O projeto “Terra Ville Residence”, que iniciou obras este ano, tem 102 mil m² e oferece 232 lotes residenciais em um condomínio com 22 equipamentos de lazer. Cada lote à venda tem o mínimo de 300m² (com preço acima de R$ 180 mil, cada um) e permite a edificação de até dois pavimentos. Além disso, o projeto tem uma construção com três andares com heliponto e equipamentos.
A obra teve licenciamento dos governos municipal e estadual, que são agora questionados pelo MPF (Ministério Público Federal).
A denúncia da ilegalidade da obra foi feita pelo ICMBIo (Instituto Chico Mendes de Conservação da Biodiversidade) — responsável pelo Parque — e pelo Conselho Municipal do Turismo, que mandou a primeira nota técnica com denúncia em janeiro de 2024.
A consolidação desse empreendimento abrirá precedentes para que toda a margem do campo de dunas, sob a competência do município e dentro da Zona de Amortecimento do Parque Nacional dos Lençóis Maranhenses, seja tomada por outros empreendimentos e construções com gabarito de 3 pavimentos ou mais, acarretando na ocorrência de danos ambientais irreversíveis. Conselho Municipal do Turismo
Já o ICMBio informou que, por conta do empreendimento estar em área de amortecimento, o órgão deveria ter sido consultado para licenciamento. Uma nota técnica do órgão afirma que haverá especulação imobiliária e ocupação desordenada da área.
A presença de um condomínio com 232 lotes residenciais a pouco mais de 200 metros do campo de dunas irá inviabilizar o controle e monitoramento da visitação. Serão centenas de veículos com acesso descontrolado ao parque, eventualmente conduzidos por motoristas sem treinamento ou sem habilidade necessária para transitar no campo de dunas, aumentando significativamente o risco de acidentes. ICMBio
Ação na justiça
Diante dos argumentos, o MPF entrou com ação no último dia 18 de outubro pedindo uma liminar para a obra ser parada e a determinação para que seja demolido que já foi feito irregularmente. Ainda não decisão.
Para o órgão, o condomínio urbaniza uma área que deve ser, por lei, rural.
A implantação do loteamento, com a construção de centenas de unidades habitacionais, arruamentos e infraestrutura urbana característica de um bairro, conduzirá a um estado de coisas de difícil reparação, com custo econômico elevado, a ser suportado pela parte requerida e com impactos a terceiros, medidas de difícil execução.
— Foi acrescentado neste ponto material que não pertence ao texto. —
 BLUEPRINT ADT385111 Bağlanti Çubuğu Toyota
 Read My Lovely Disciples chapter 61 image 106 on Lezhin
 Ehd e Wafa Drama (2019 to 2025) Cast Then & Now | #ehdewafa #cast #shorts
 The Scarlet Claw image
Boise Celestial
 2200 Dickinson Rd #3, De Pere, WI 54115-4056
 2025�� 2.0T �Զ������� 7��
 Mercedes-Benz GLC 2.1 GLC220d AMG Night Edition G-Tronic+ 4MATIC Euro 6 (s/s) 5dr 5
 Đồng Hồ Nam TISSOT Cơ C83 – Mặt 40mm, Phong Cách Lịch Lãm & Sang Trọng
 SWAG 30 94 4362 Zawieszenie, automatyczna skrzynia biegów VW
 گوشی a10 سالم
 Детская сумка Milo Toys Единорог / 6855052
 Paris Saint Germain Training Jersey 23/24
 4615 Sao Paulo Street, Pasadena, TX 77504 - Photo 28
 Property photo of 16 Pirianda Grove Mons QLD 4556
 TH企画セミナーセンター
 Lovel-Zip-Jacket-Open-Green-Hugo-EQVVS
MPF na ação
Segundo o projeto, o local terá “infraestrutura completa com abastecimento de água, rede de esgoto, eletricidade, pavimentação e iluminação pública.”
Na investigação, o MPF aponta que houve ausência de análise de impactos ambientais. O licenciamento do empreendimento foi considerado insuficiente por não descrever os impactos sobre o parque. Além disso, órgãos públicos teriam desconsiderado a zona de amortecimento.
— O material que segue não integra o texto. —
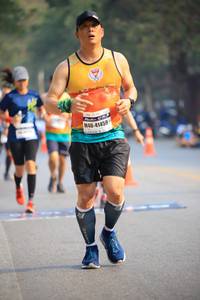 BIB: 41459
                            <button type="button" onclick="openModal(9520949)" class="btn btn-primary btn-sm float-right btn-popup" data-toggle="modal" data-target=".modal-high-quality">
                        <i class="fas fa-shopping-cart"></i> Add to Cart
                    </button>
                                            <button type="button" onclick="isThisMe(9520949, true)" class="btn btn-success btn-sm float-right btn-popup btn-isme hidden" data-toggle="tooltip" data-placement="bottom" title="นี่คือรูปของคุณใช่ไหม คลิกที่นี่เพื่อเอาเข้าอัลบั้ม">
                        <i class="fas fa-plus"></i> Add to album
                    </button>
                    <button type="button" onclick="isThisMe(9520949, false)" class="btn btn-warning btn-sm float-right btn-popup btn-isnotme hidden">
                        <i class="fas fa-ban"></i> Remove from album
                    </button>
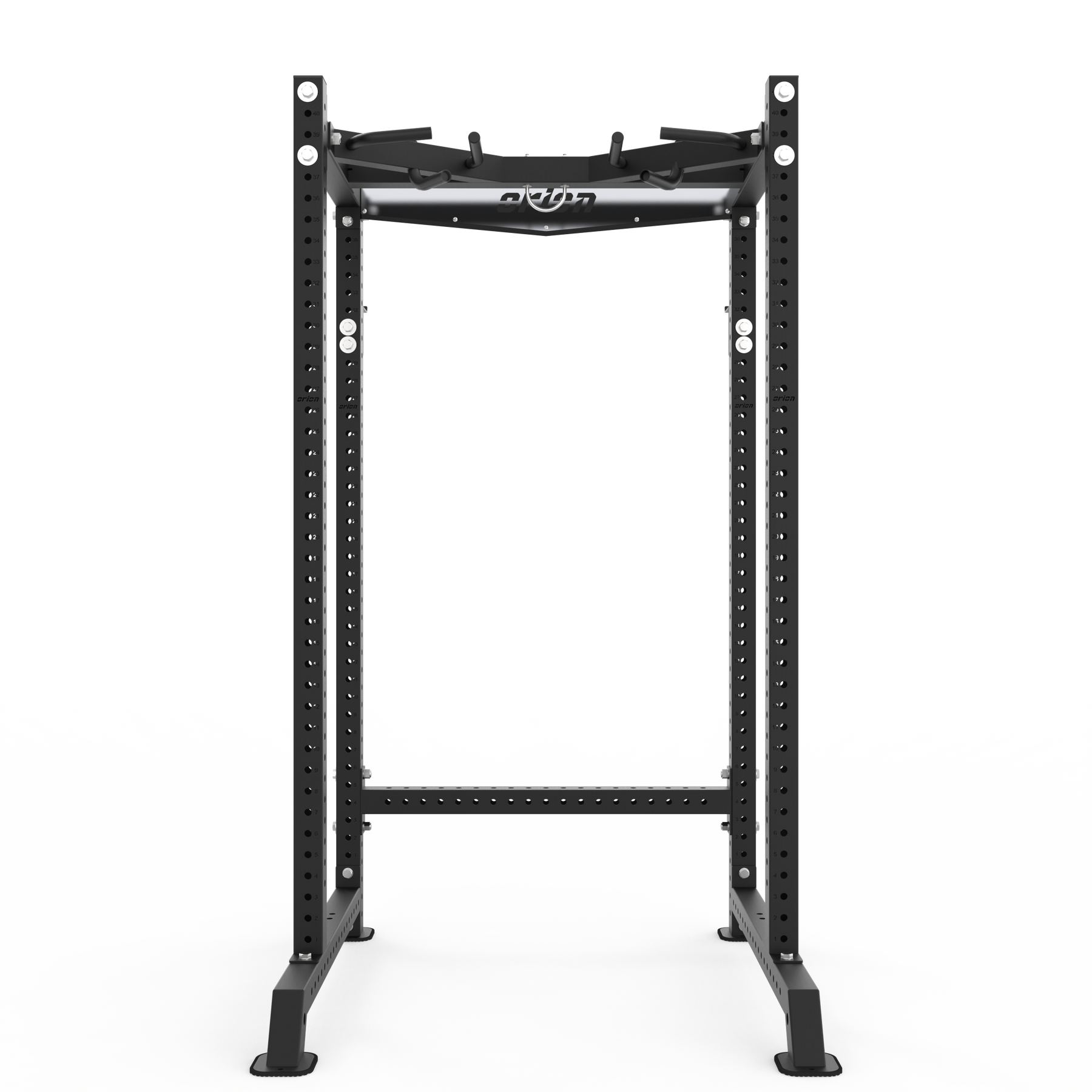 Orion Vertex Rack Builder – Northern Fitness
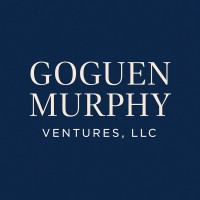 Goguen Murphy Ventures, LLC logo - Similar company to Gng Consulting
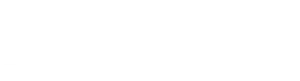 Logo Flora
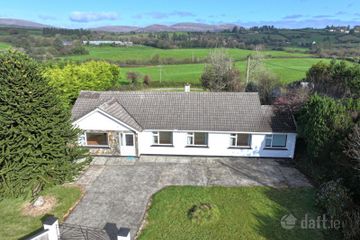 Westland, Dromusta, Drimoleague, Co. Cork, P47PH61 — photo 2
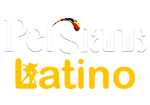 Persiana Latino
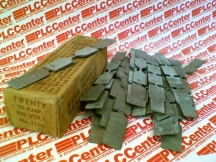 EATON CORPORATION 1119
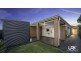 18 Wisteria Avenue, Craigieburn VIC 3064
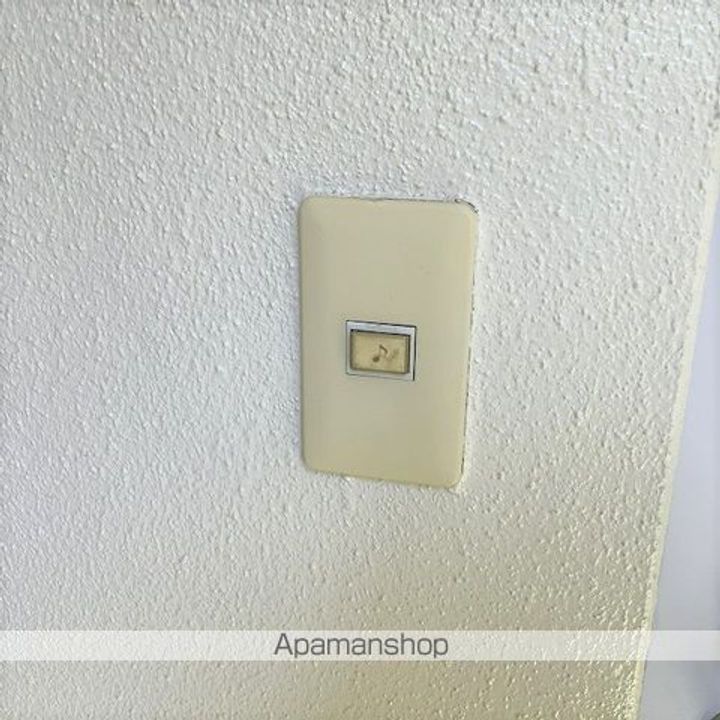 第3白沢荘のその他画像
Na ação, o procurador Alexandre Silva Soares alega que o condomínio trará diversos prejuízos ao ecossistema.
Segundo o MPF, a zona de amortização deve servir como área de transição entre o parque e as áreas urbanizadas. “Essa urbanização comprometeria a função ecológica da zona de amortecimento, que é proteger o parque dos impactos negativos das atividades humanas”, diz a ação.
Como o condomínio prevê uma edificação de três andares, isso também causaria uma alteração significativa na paisagem local, impactando negativamente a experiência dos visitantes do Parque.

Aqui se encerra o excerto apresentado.